İsa’nın bizim özümüzde olduğuna, ama karakterinde ayartılmalarına karşı daima üstün gelen günahsızlık bulunduğuna inanmak, kolay değildir. Gerçek Mesih’te iman ve sağlam bir anlayışa ulaşabilmek üzere, onun mükemmel yaşamıyla ilgili olarak; onun Tanrı olduğunu yalanlayan birçok İncil bölümüyle birleştirilerek Müjde kayıtlarına yansıyan pek çok görüş bulunmaktadır. Onun kendisinin Tanrı olduğuna ve bu nedenle otomatikman mükemmel olduğuna inanmak çok daha kolaydır. Yine de bu görüş, İsa’nın günaha ve insan özüne karşı kazandığı zaferin büyüklüğünü küçültür.
O, insan özyapısına sahipti; o günahkâr eğilimlerimizin her birini paylaştı (Heb. 4:15) ve yine de onlara, Tanrı’nın yollarına bağlılığı ve günaha üstün gelmek üzere O’nun yardımını araması yoluyla üstün geldi. Bu Tanrı ona seve seve şu mertebeyi verdi: “Kendini dünya ile barıştırmak üzere, Tanrı Mesihte idi”; kendi gerçek oğlu aracılığı ile (2 Cor. 5:19).

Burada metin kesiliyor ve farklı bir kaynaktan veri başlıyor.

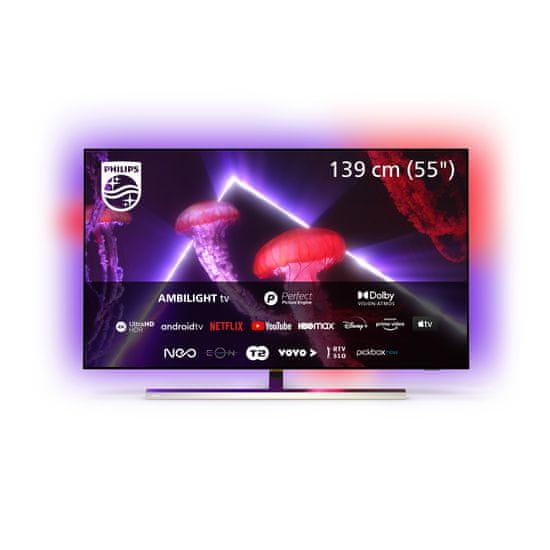 Philips 55OLED807/12 4K UHD OLED televizor, Android TV, 100 Hz, Ambilight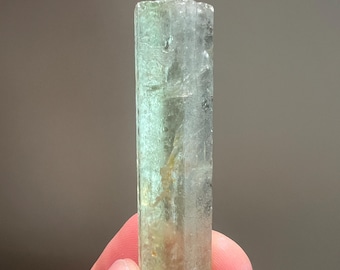 Blue Green Beryl Crystal | Aquamarine Mineral Specimen from Brazil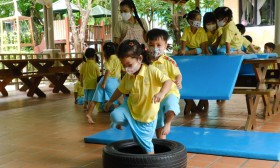 กิจกรรมพลศึกษา อนุบาล 1 (29 พ.ค.66) Image 4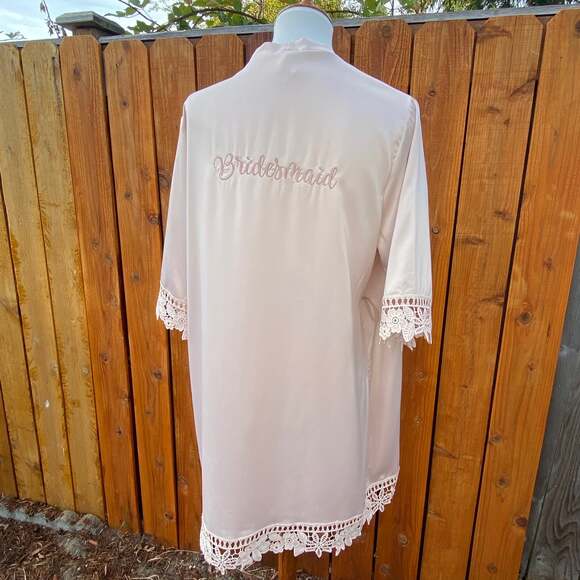 Le Rose Other - Le Rose Stories Pink Bridesmaid Robe/Kimono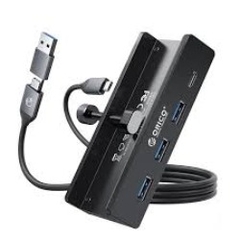 Bộ chia Type C ra 5 cổng USB 3.0 MH4PC-10-BK-BP | Hàng chính hãng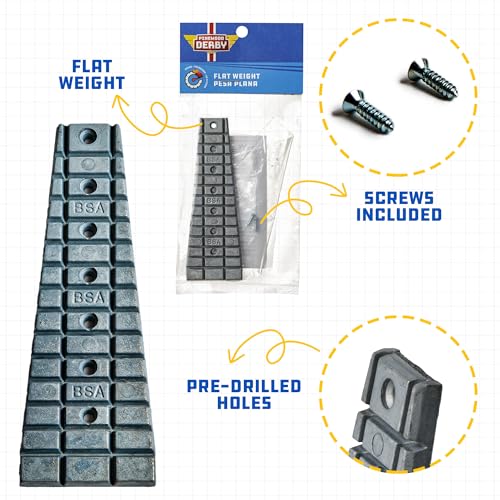 Boy Scouts Pinewood Derby Flat Weights - 2.3oz Zinc Weights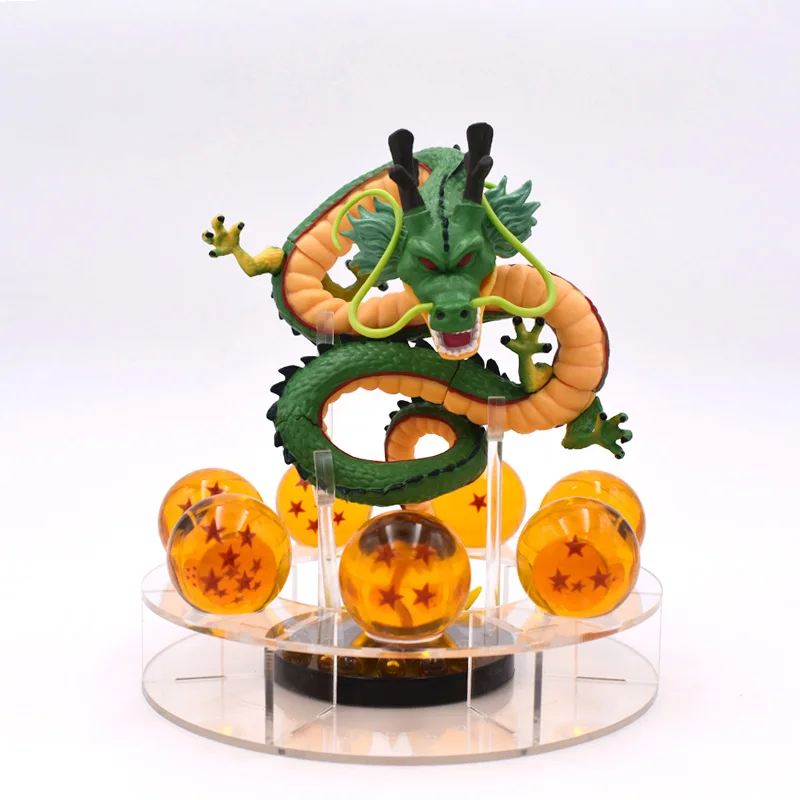 15 см аниме Dragon Ball Z фигурки Shenron Dragon Ball Z фигурки Набор шары дракона 7 шт. 3,5 см шары полка figuas - Цвет: A With in box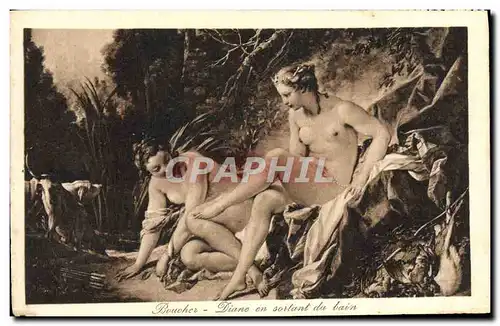 Cartes postales Boucher Diane En Sortant Du Bain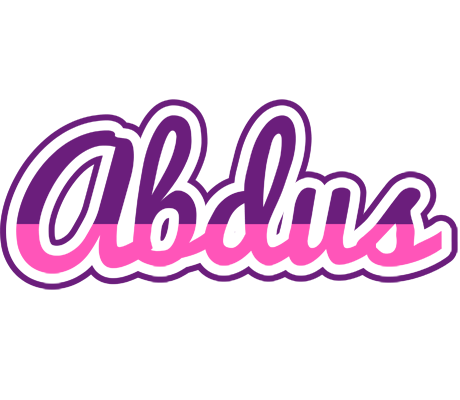 Abdus cheerful logo
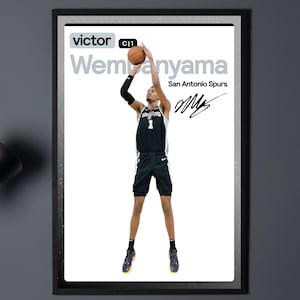 Victor Wembanyama, San Antonio Spurs, Basketball Geschenke, Sport Poster, Basketball Player Poster, Basketball Wandkunst, Spurs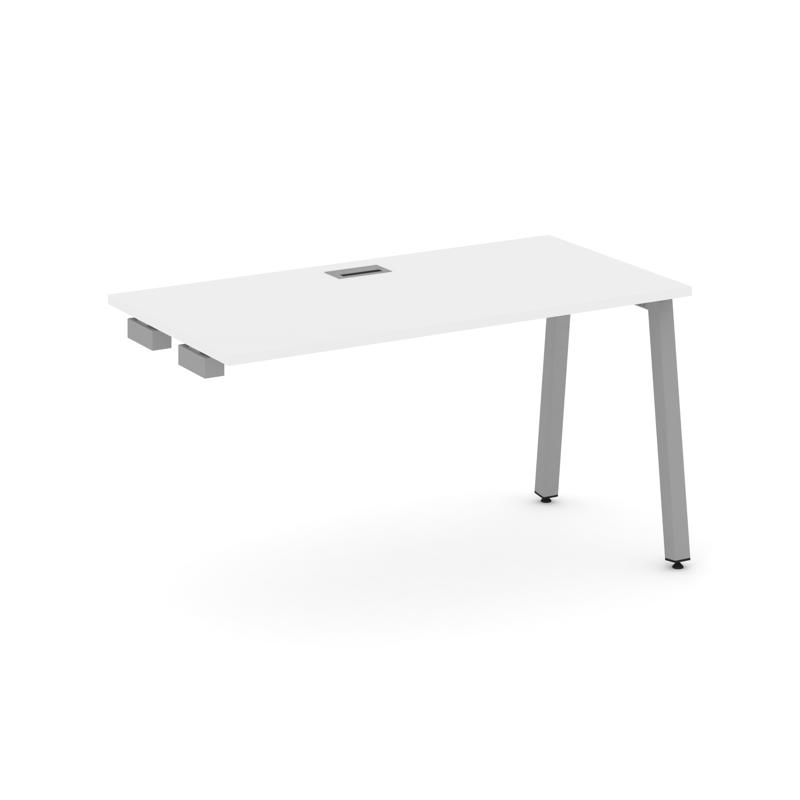 Style Project Стол-приставка к опор. элем. SN-5A.OPRS-014 Белый/Металл Серый 1580*700*750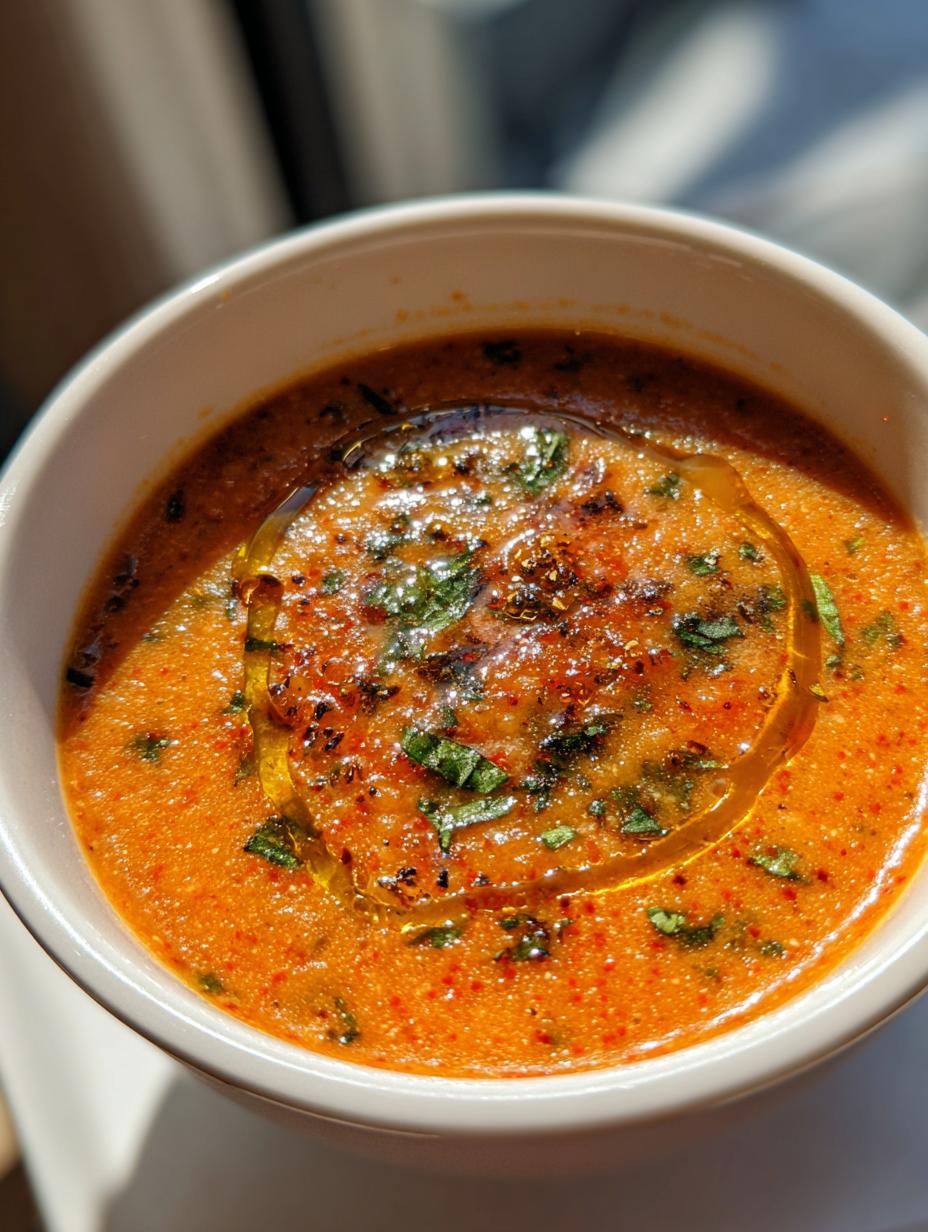 Lebanese Lentil Soup - detail 1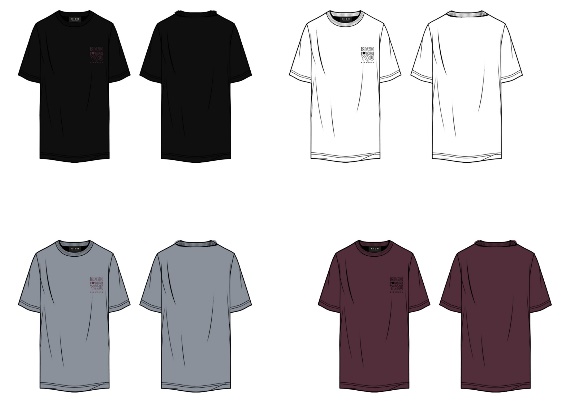 T-SHIRT - BLACK/FIG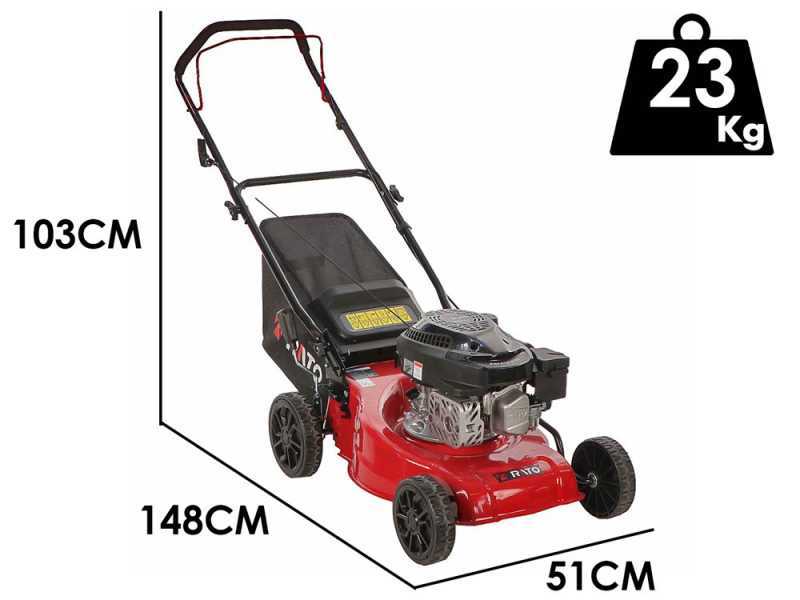 Rato Multipower RMP41Q-V125 - Tondeuse &agrave; gazon thermique - Moteur Rato de 127 cm&sup3;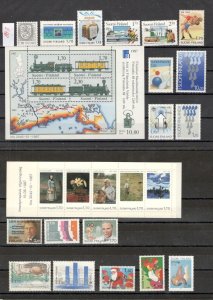 FINLAND - MNH LOT OF  18 STAMPS + BLOCK + BOOKLET  - 1987.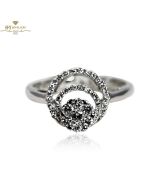 White Gold Brilliant Cut Diamond Engagement Ring - 0.45 ct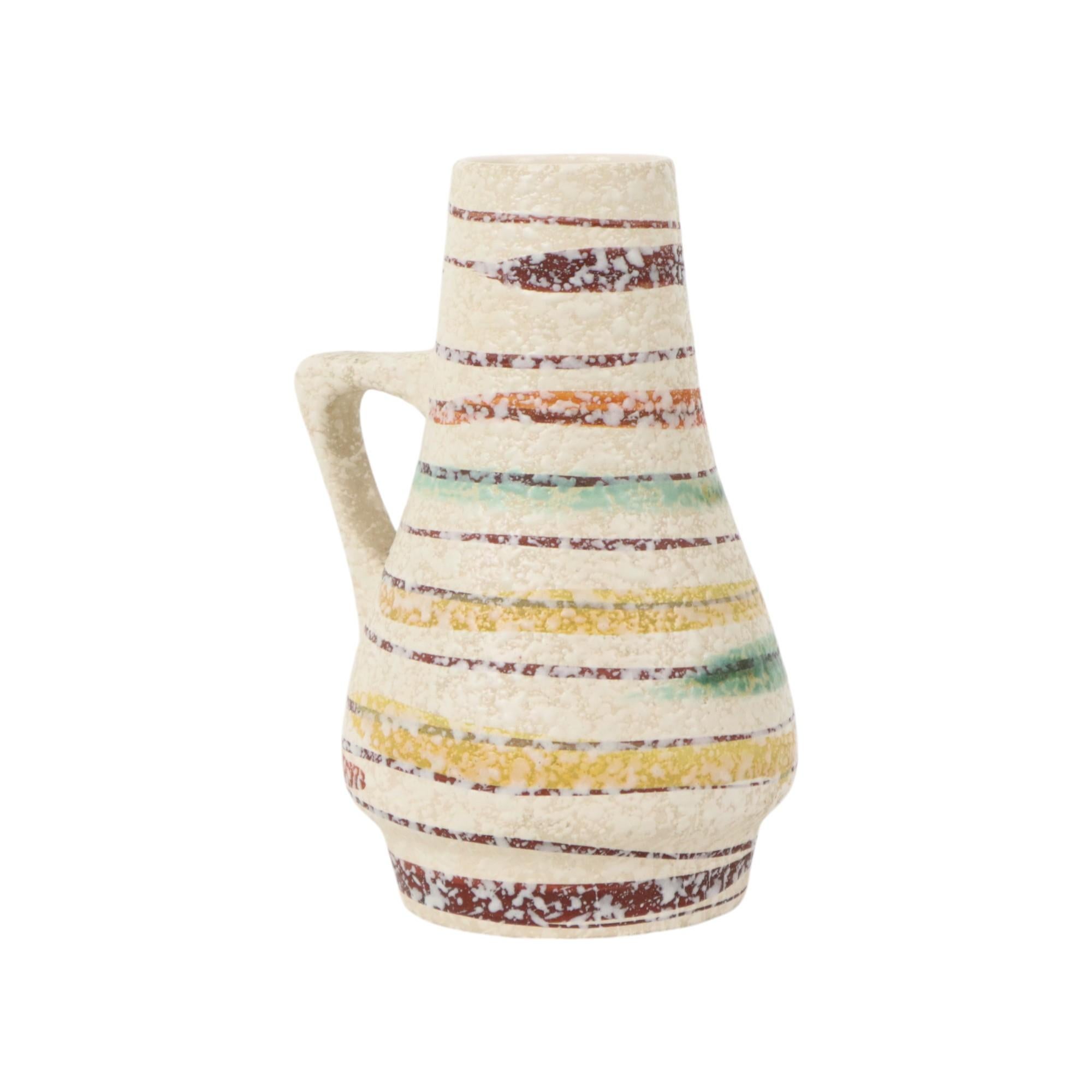 Minimalist West Germany Vase Fifties Bay 270-17 In Excellent Condition For Sale In Poperinge, BE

8.2 TANRI VE İSA ARASINDAKİ FARKLILIKLAR


‘Tanrı Mesihte idi’ ifadesinin düzeyini vurgulayan ve onun insanlığına dikkat çeken bu bölümler arasında ortaya çıkan duyarlı bir denge vardır. Bu bölümlerin ikinci grubu; Teslis öğretisinin ‘gerçek Tanrı’nın gerçek Tanrısı’ şeklinde yanlış olarak ifade ettiği, İsa’nın kendisinin Tanrı olduğu hakkındaki görüşü İncilsel olarak haklı göstermeyi olanaksız kılar. (Bu, gerçek Tanrı’nın gerçek Tanrısı” deyimi, M.S. 325’de, ilk Hıristiyanlarca bilinmeyen Tanrı’nın bir ‘üçlük’ olduğu görüşünün ilk defa ilan edildiği İznik Konseyi ’inde kullanıldı). İncil’de ‘üçlük’ sözcüğü hiç yoktur. Konu 9, Mesih’in günah üzerindeki mutlak zaferini ve onda Tanrı’nın rolünü derinliğine incelemektedir. Biz bu çalışmalara başlarken, kurtuluşun gerçek İsa Mesih’in doğru bir anlayışına bağlı olduğunu hatırlayalım (Jn. 3:36 ; 6:53 ; 17:3). Bir kez bu onun günahı ve ölümü alt etmesinin gerçek anlayışına ulaştığımızda, bu kurtuluşu paylaşmak üzere, onda vaftiz olabiliriz.
Tanrı ve İsa arasındaki ilişkinin en açık özetlerinden birisi, 1 Tim. 2:5’ de bulunmaktadır: Tek Tanrı ve Tanrı ile insanlar arasında tek aracı vardır: insan olan Mesih İsa”. Koyu yazılmış sözcükler üzerinde düşünülmesi, aşağıdaki sonuçlara götürür:


  • Sadece tek Tanrı’nın olması, İsa’nın Tanrı olabilmesini olanaksız kılar; eğer Baba Tanrı ise ve İsa da Tanrı ise, o zaman iki Tanrı olur. “Ama bizim için sadece tek Tanrı vardır, Baba” (1Cor. 8:6). Bu nedenle, ‘Baba Tanrı’ tek Tanrı’dır. Onun için, üçlük yanlış öğretisinin ifade ettiği gibi, ‘Oğul Tanrı’ denen ayrı bir varlığın olabilmesi olanaklı değildir. Aynı şekilde Eski Ahit de Yahweh tek Tanrı’yı Baba olarak betimler (örneğin, Is. 63:16 ; 64:8).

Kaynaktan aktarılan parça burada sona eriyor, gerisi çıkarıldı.